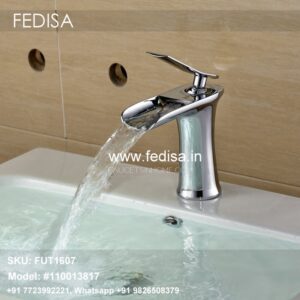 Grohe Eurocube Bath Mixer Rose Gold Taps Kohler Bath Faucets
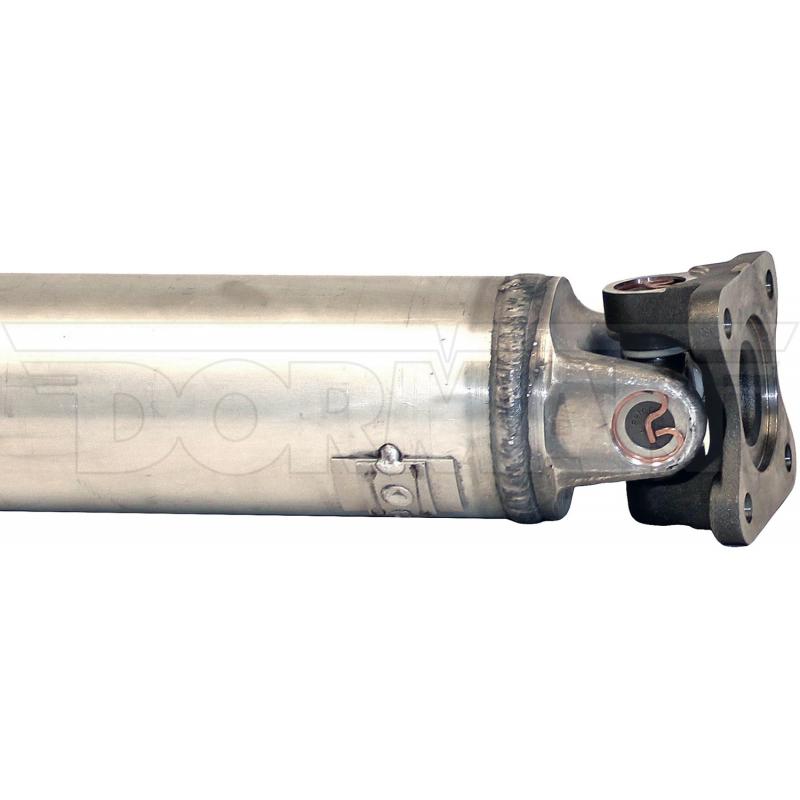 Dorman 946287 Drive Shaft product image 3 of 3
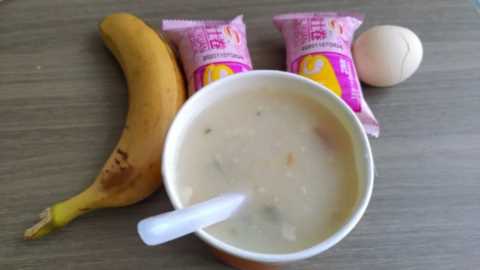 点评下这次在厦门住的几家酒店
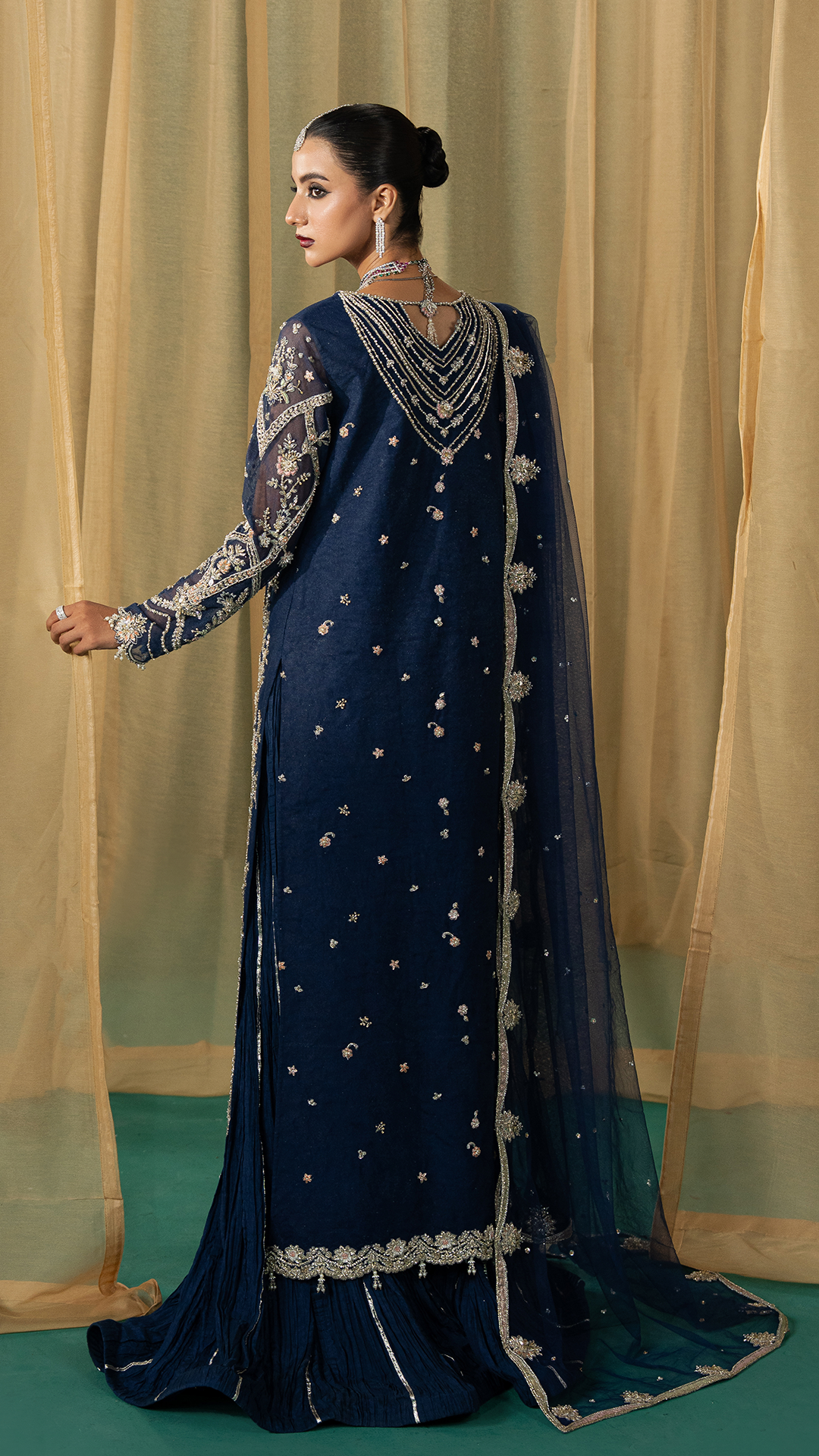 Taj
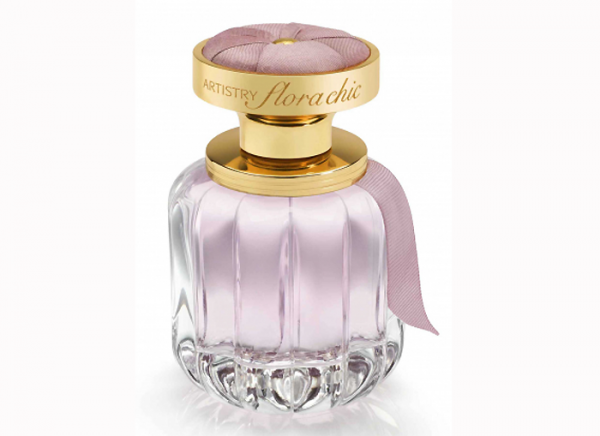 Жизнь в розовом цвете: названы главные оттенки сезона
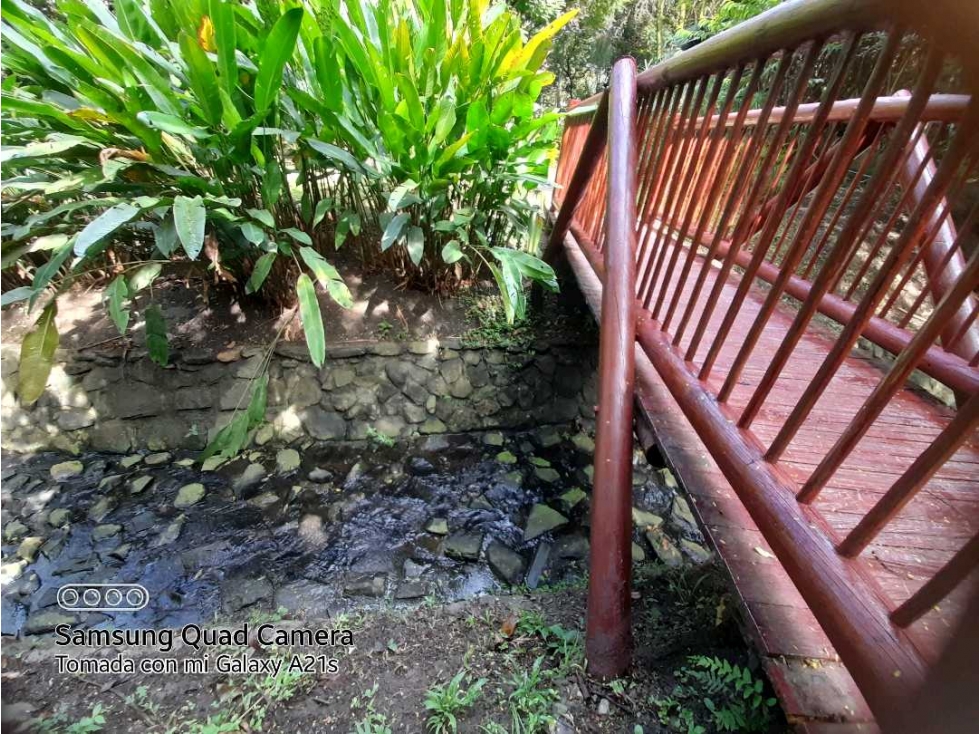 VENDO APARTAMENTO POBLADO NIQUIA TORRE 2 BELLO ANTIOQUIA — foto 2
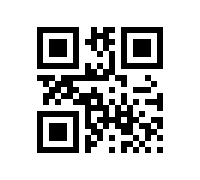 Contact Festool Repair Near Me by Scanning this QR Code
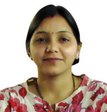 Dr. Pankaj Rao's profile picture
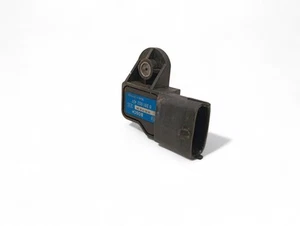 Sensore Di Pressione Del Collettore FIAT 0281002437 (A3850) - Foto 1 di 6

=-=-=

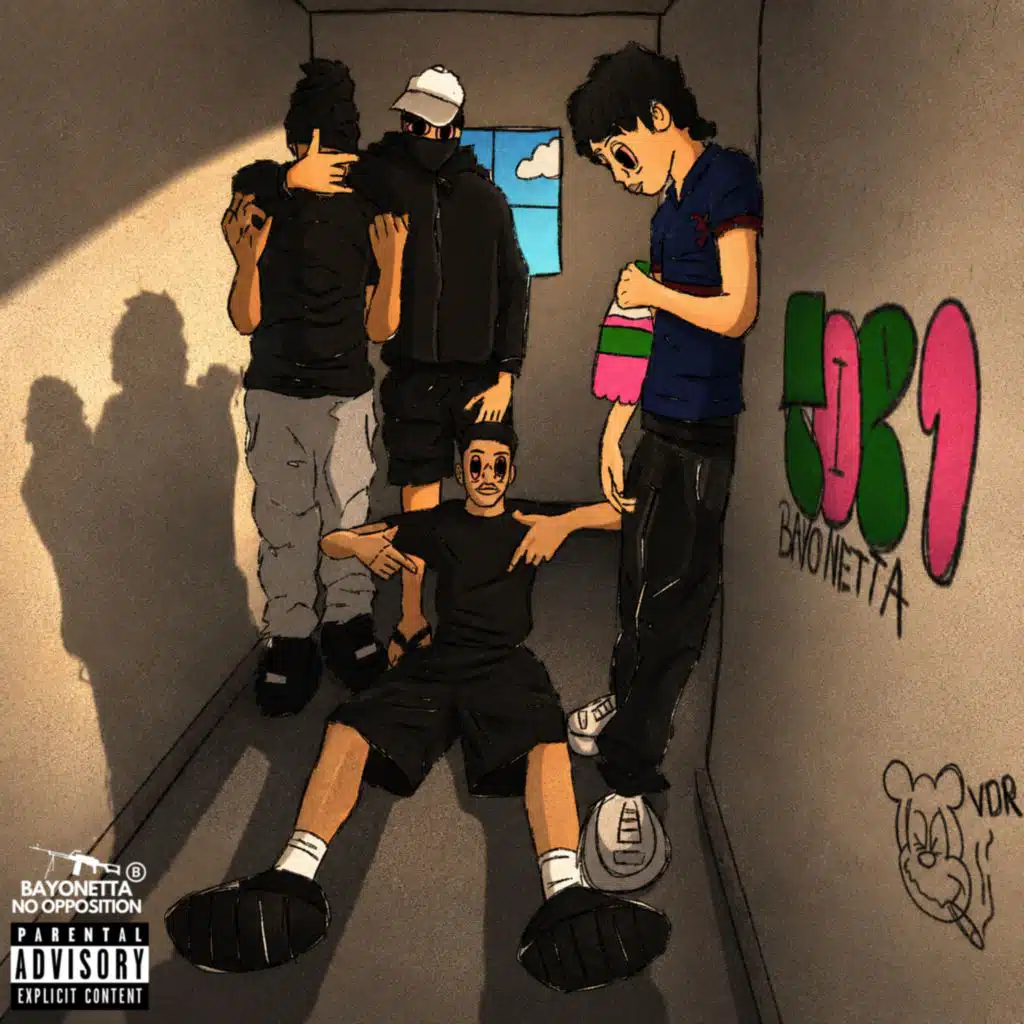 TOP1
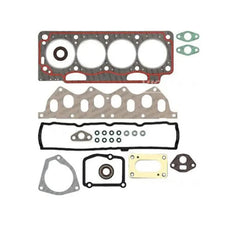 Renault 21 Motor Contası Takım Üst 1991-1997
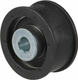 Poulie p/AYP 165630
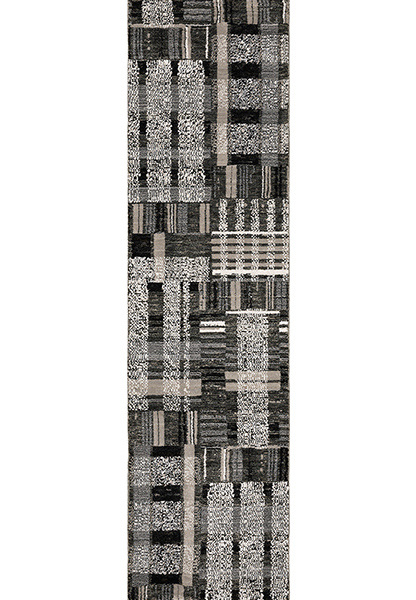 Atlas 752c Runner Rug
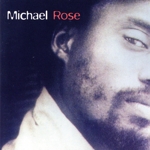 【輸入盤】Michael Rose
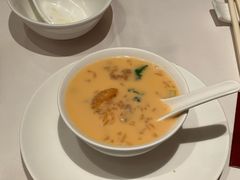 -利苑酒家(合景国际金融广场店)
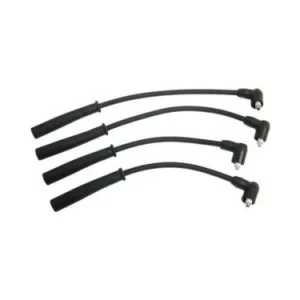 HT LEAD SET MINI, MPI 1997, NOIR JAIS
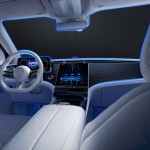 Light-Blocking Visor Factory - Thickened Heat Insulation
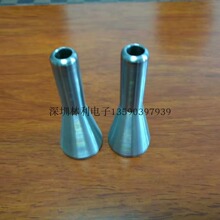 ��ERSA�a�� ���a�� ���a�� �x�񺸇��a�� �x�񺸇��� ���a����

=-=-=

**What is needed:** Range to copy from the records above: the line containing "Contact Festool Repair" to the line containing "Sensore Di Pressione", both included. Output those lines exactly and only those, skipping pictures.

**Worked solution:**
 Contact Festool Repair Near Me by Scanning this QR Code
 Dr. Pankaj Rao's profile picture
 Sensore Di Pressione Del Collettore FIAT 0281002437 (A3850) - Foto 1 di 6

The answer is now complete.